Here are some recent homeowner stories collected by Bankrate.com:
When a couple in Lawrence, Georgia tried to sell their house, they discovered the HOA had quietly placed a $3,500 lien against their property because the couple had placed some pink flamingos on their lawn. HOAs have no sense of humor about such things as pink flamingos. The lien had to be paid before the house could be sold. Homeowners Associations often place such liens without informing the property owner. It’s not uncommon for homeowners to discover that these “secret liens” have been accumulating interest, attorney’s fees, and collection fees.
Maryland: a homeowner who was continually harassed by a neighbor asked his HOA to give him permission to put up a six-foot privacy fence. The HOA refused. The homeowner went to court, spent more than 23,000 dollars in legal fees and still lost. He then put up a smaller fence which he thought conformed to neighborhood rules. But HOA officials armed with tape measures, discovered it was several inches too high. He was slapped with a lien, and spent thousands more to settle the case.
A Homeowners Association in Donner Pass, California requires homeowners to make their properties ‘snowmobile friendly’. That means not driving cars over the snow or clearing it from around their homes. The intent is to leave areas open zones for snowmobiles. But a woman who had suffered a serious back injury ignored the rule. She drove her car up her half mile long driveway over the snow, saying her back injury made it impossible to walk the half mile to her home. But driving up her own driveway cost her $500 a day in HOA fines. The dispute eventually cost her more than $50,000 in fines and legal expenses.
Tampa Florida, a homeowner committed the ultimate sin of being late on her HOA fees. She thought her attorney had arranged the payment of more than $4,000. But she was short $497. The HOA foreclosed on her property, and sold it in a courthouse auction for $4651. An investor bought it and promptly sold it for $88,000. The homeowner lost her home over the $497 shortfall.

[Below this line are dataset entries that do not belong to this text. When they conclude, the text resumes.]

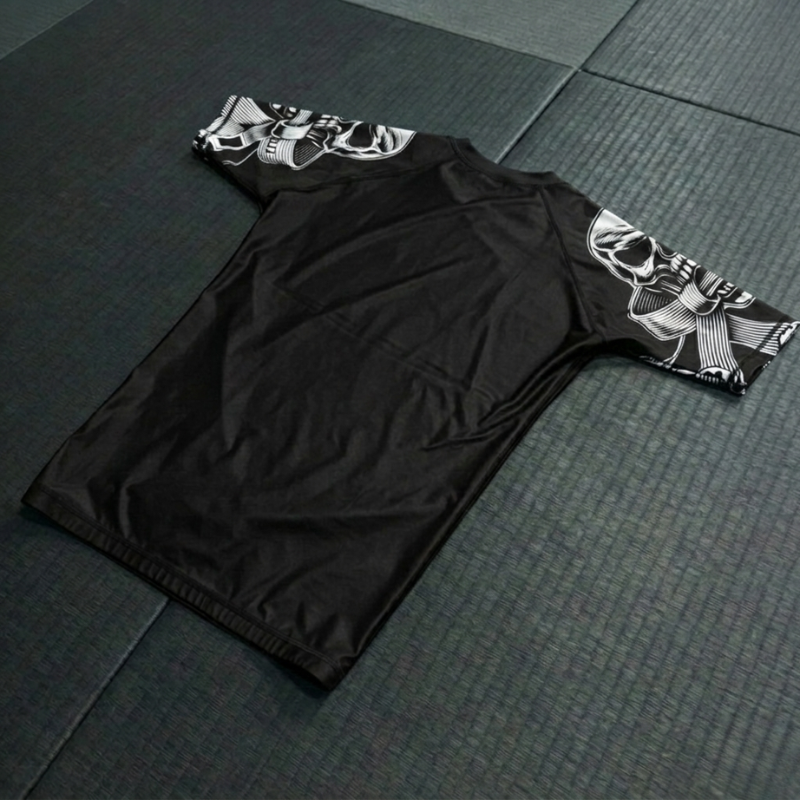 Rashguard Corto Negro''The Grappling Chronicles''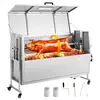 VEVOR Barbecue à Charbon avec Tournebroche Électrique 38 W, Rôtissoire...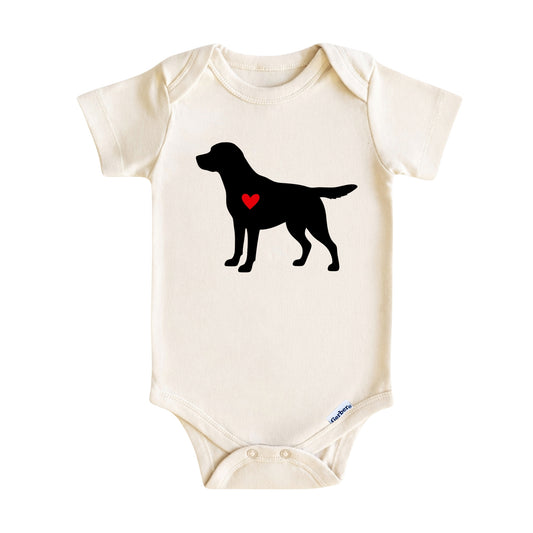 Labrador Retriever Heart ONESIE ®, Baby Bodysuit for Boys Girls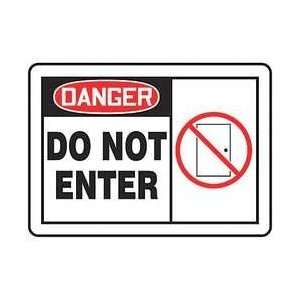  Danger Sign,10 X 14in,r And Bk/wht,plstc   GRAPHIC ALERT 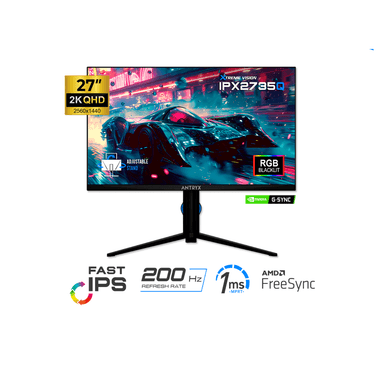MONITOR ANTRYX XTREME VISION IPX2735Q 27' IPS 2K QHD 2560X1440 200HZ 1MS HDMI FREESYNC - 1
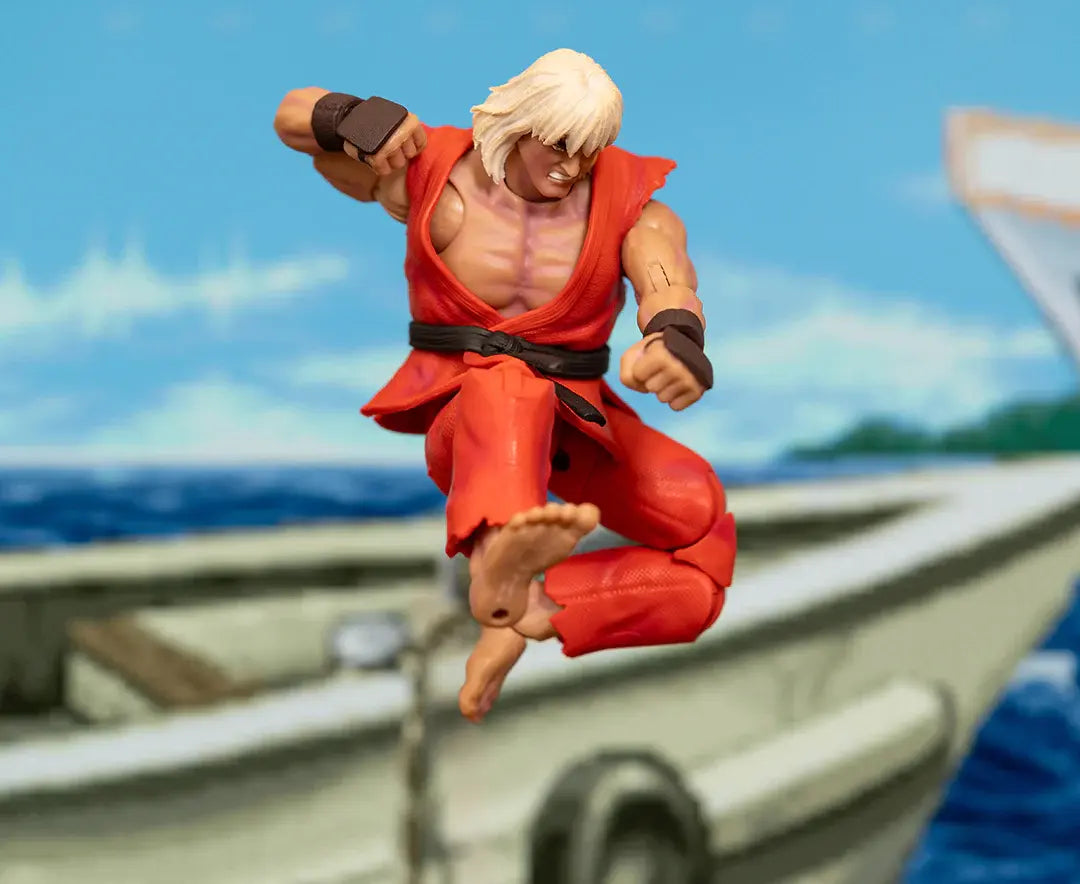 Figurine Street Fighter 2 Violent Ken - Détails des 25 points d'articulation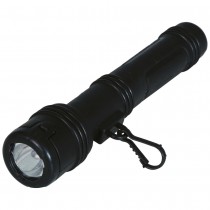 LAMPE DE POCHE TORCHE PLASTIQUE 17CM NOIR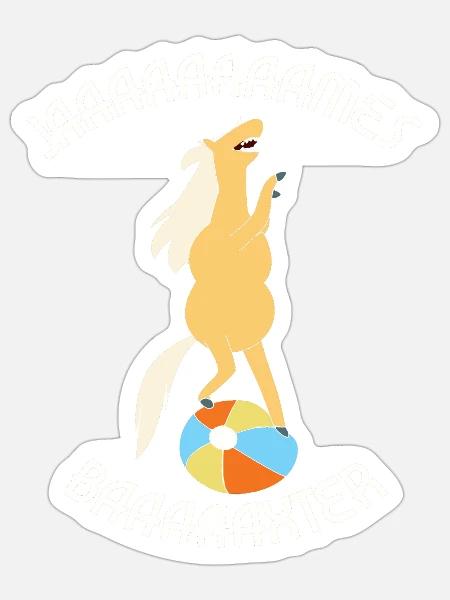 horse circus - Sticker - white matte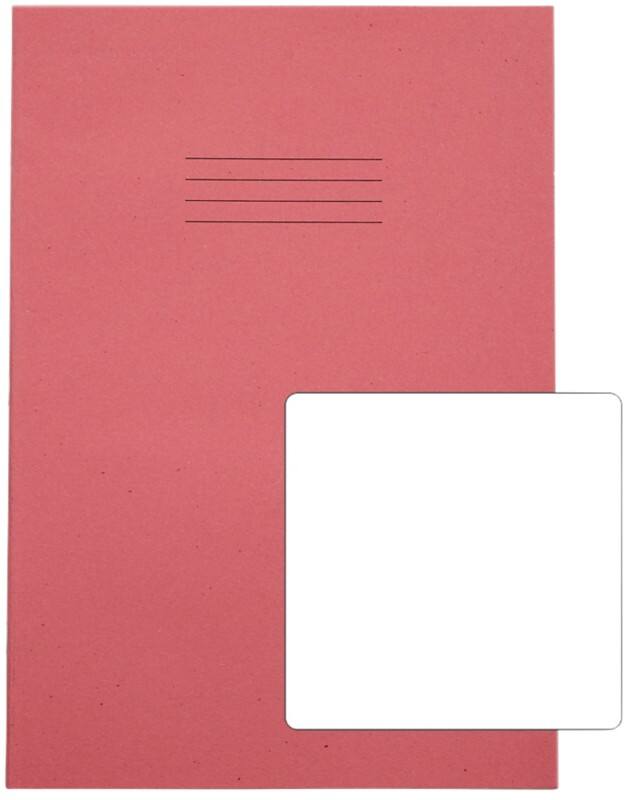 Rhino Exercise Book A4 Plain Stapled Side Bound Manila Soft Cover White 80 Pages Pack of 50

There are literally thousands of such stories across America and there is rarely a happy ending for the homeowner.
Ward Lucas
Author of Neighbors At War: The Creepy Case Against Your Homeowners Association
Millions of Americans have moved into covenant-protected neighborhoods, thinking the experience will be a positive one, maintenance will protect property values, neighbors will be friendly. A good percentage will find exactly what they were searching for.
Sadly, many others will discover that the move to the new neighborhood constituted a fundamental change of government. Yes, they’ve actually moved out of the United States of America and into a private non-profit corporation governed, not by the U.S. Constitution, but by a set of bylaws and restrictions. The restrictions were created by the original real estate developer and control handed over to neighborhood boards. The new corporate rules have nothing to do with the Bill of Rights with which most of us are familiar.
They’ve been called ‘private governments’ because they operate largely outside the control of traditional established government. Neighborhood covenants, controls and restrictions take precedence over such mythical concepts as freedom of speech, freedom of assembly, the right to bear arms, equal protection, the right to privacy in one’s home. In fact, in thousands of cases across the country homeowners are discovering that snooping, spying and reporting on others is de rigueur. In the HOA system there is no such thing as privacy. Violators of local rules have no right to trial by jury, in fact the governing boards play simultaneous roles of judge, jury and executioner. And the number of lawsuits inside the HOA movement is exploding.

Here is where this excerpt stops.